## Information supplied

^^^^

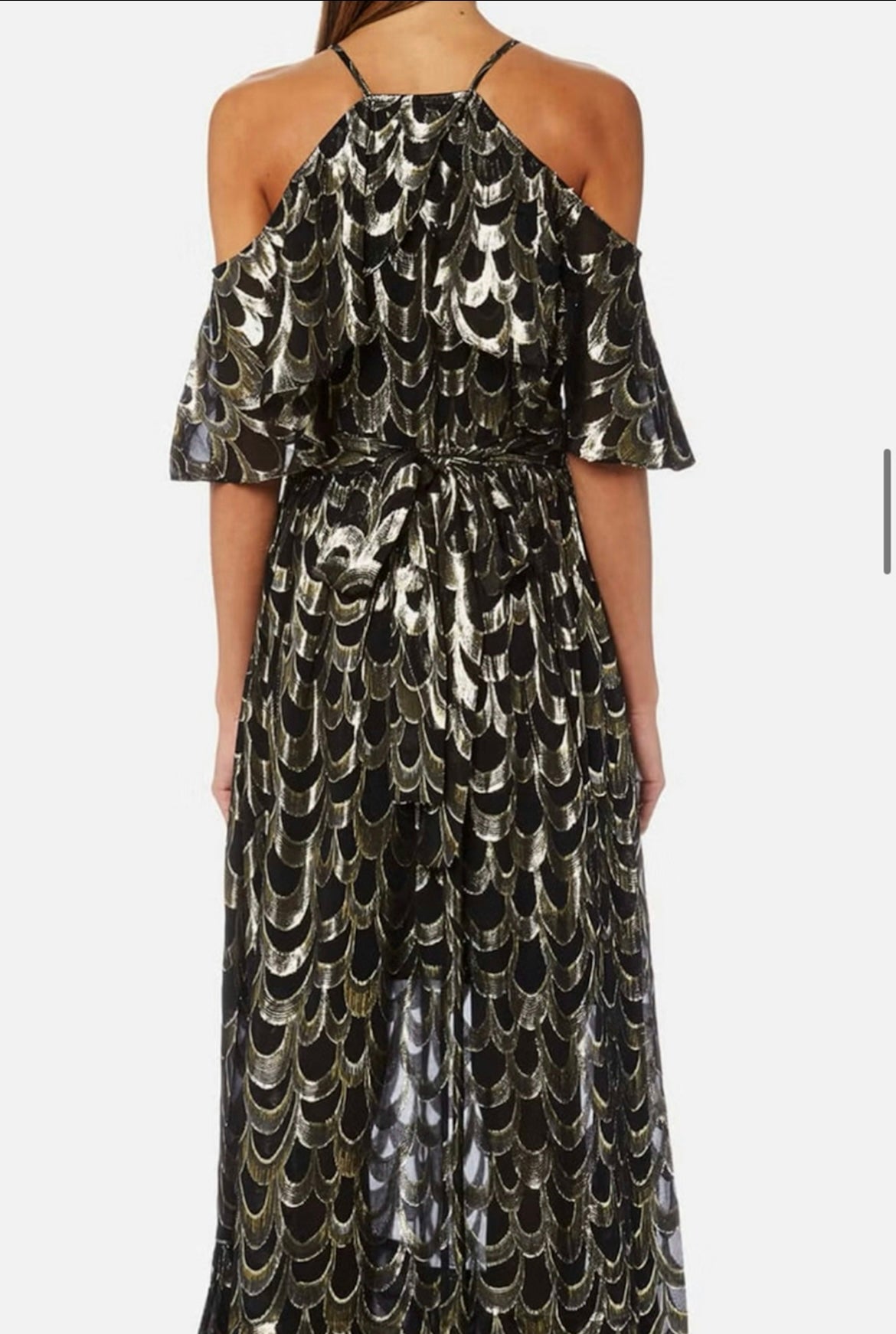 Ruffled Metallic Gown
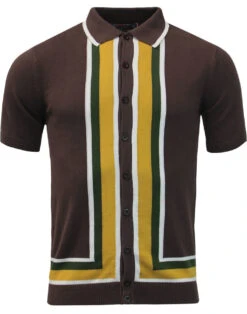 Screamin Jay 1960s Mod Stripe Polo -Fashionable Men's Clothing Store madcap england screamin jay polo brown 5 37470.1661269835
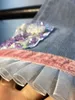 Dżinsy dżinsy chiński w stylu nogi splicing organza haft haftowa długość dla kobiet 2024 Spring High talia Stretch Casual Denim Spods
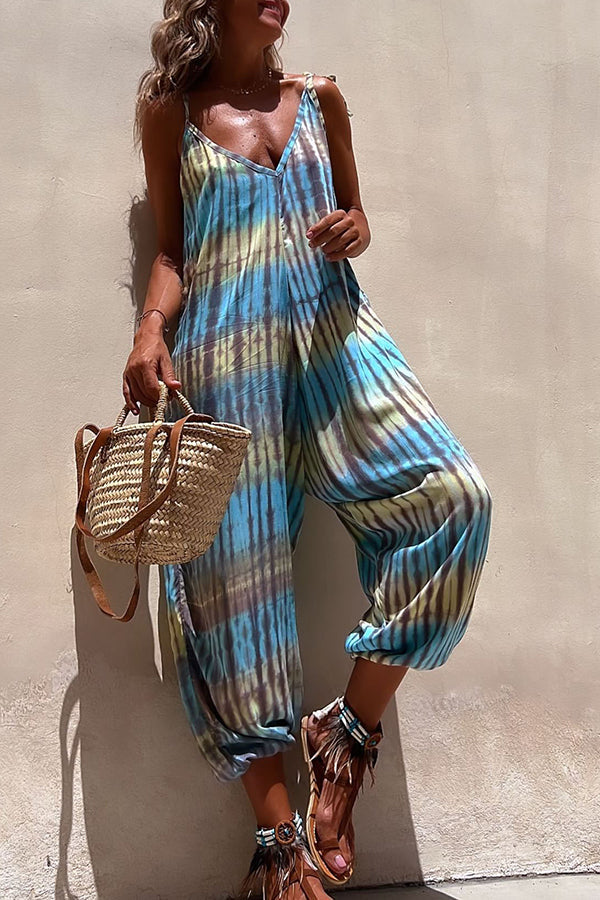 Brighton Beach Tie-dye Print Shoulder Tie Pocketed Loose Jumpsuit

^^^^

## Problem to solve
Your copy should match the data exactly, apart from the images, which are dropped.

## Problem solution
 Ruffled Metallic Gown
 Screamin Jay 1960s Mod Stripe Polo -Fashionable Men's Clothing Store madcap england screamin jay polo brown 5 37470.1661269835
 Dżinsy dżinsy chiński w stylu nogi splicing organza haft haftowa długość dla kobiet 2024 Spring High talia Stretch Casual Denim Spods
 Brighton Beach Tie-dye Print Shoulder Tie Pocketed Loose Jumpsuit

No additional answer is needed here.